To do:
In your reply, repeat every entry exactly and skip over each picture.

Image-text web data
○ ○ ○

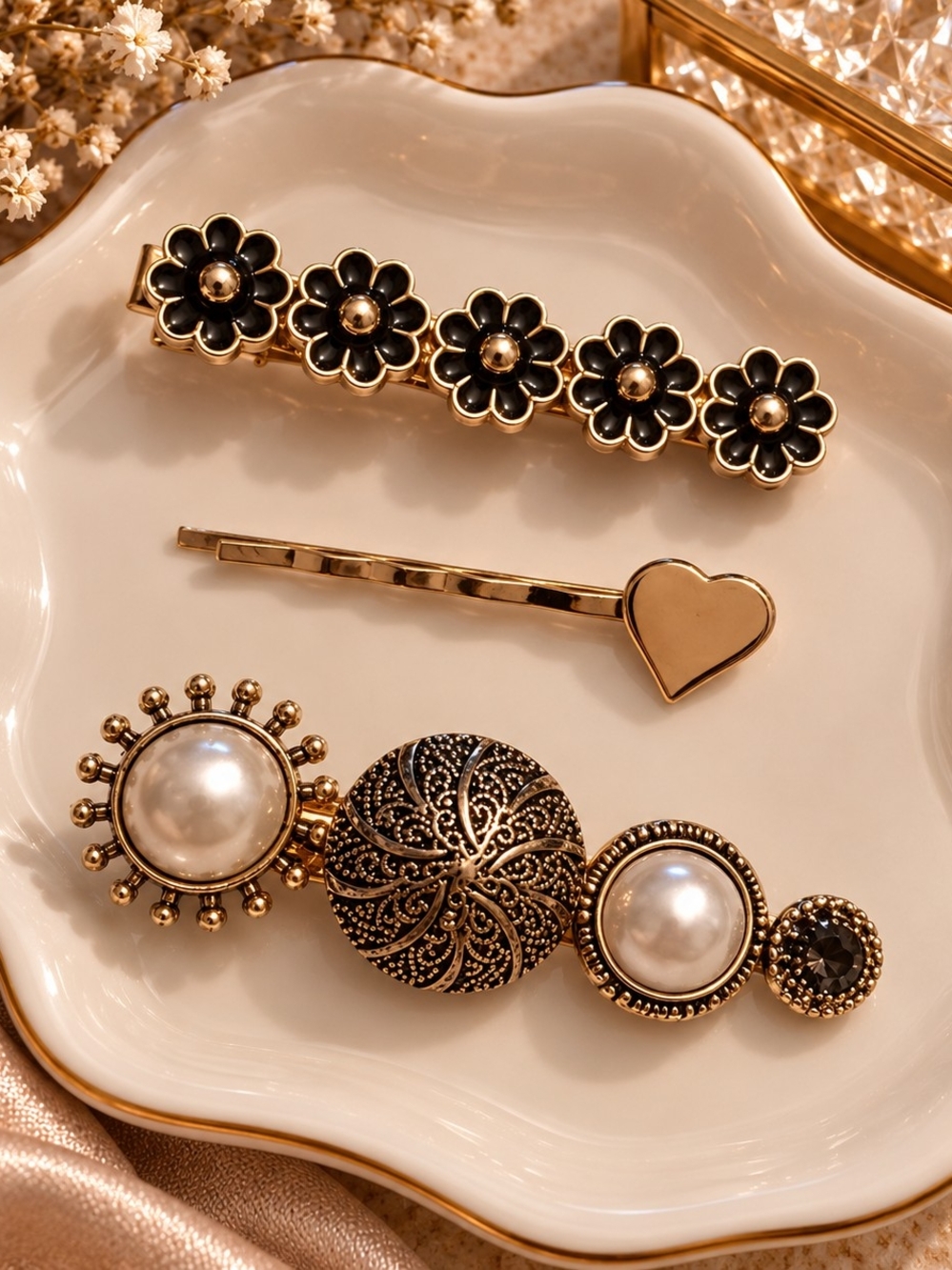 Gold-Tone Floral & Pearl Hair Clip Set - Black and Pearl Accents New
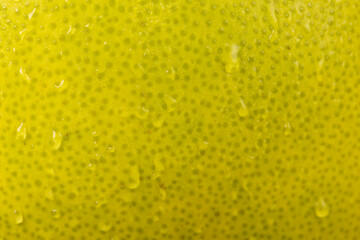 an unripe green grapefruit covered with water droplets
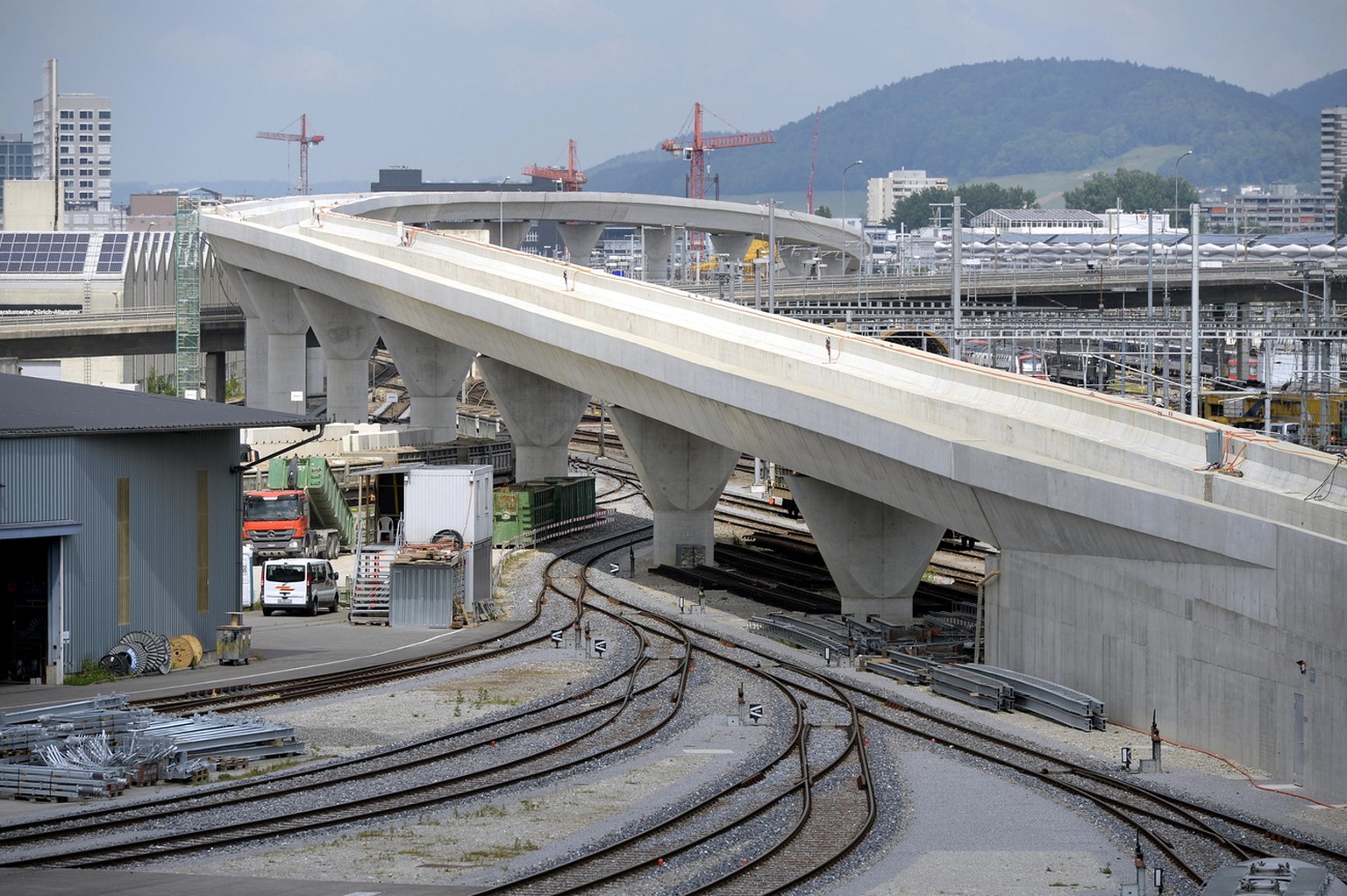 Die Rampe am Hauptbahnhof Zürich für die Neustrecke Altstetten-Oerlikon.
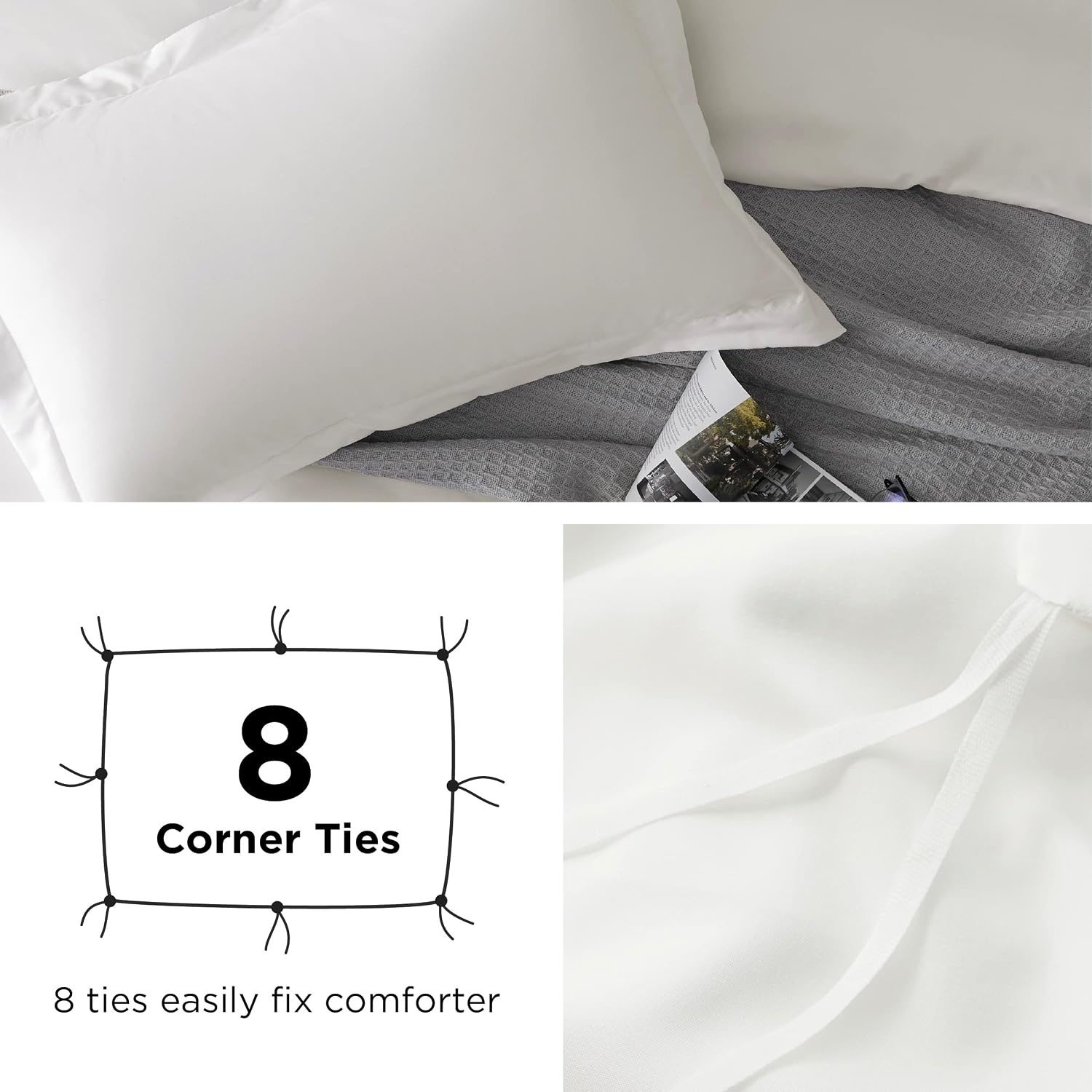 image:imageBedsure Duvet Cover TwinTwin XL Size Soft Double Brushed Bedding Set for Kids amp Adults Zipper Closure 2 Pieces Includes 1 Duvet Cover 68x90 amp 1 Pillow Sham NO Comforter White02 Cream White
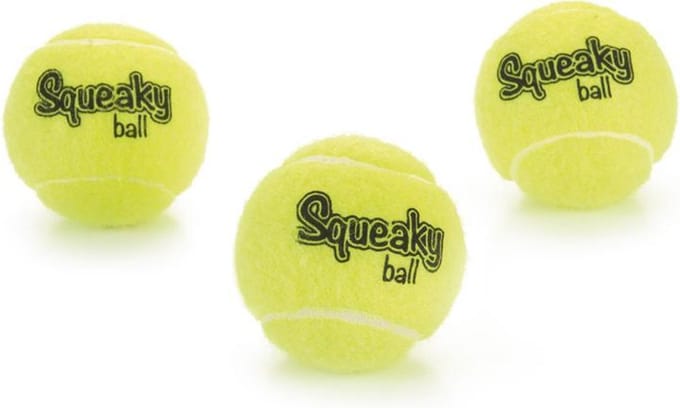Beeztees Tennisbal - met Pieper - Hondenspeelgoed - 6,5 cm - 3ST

○ ○ ○

Result of the task:
 Gold-Tone Floral & Pearl Hair Clip Set - Black and Pearl Accents New
 an unripe green grapefruit covered with water droplets
 Die Rampe am Hauptbahnhof Zürich für die Neustrecke Altstetten-Oerlikon.
 image:imageBedsure Duvet Cover TwinTwin XL Size Soft Double Brushed Bedding Set for Kids amp Adults Zipper Closure 2 Pieces Includes 1 Duvet Cover 68x90 amp 1 Pillow Sham NO Comforter White02 Cream White
Beeztees Tennisbal - met Pieper - Hondenspeelgoed - 6,5 cm - 3ST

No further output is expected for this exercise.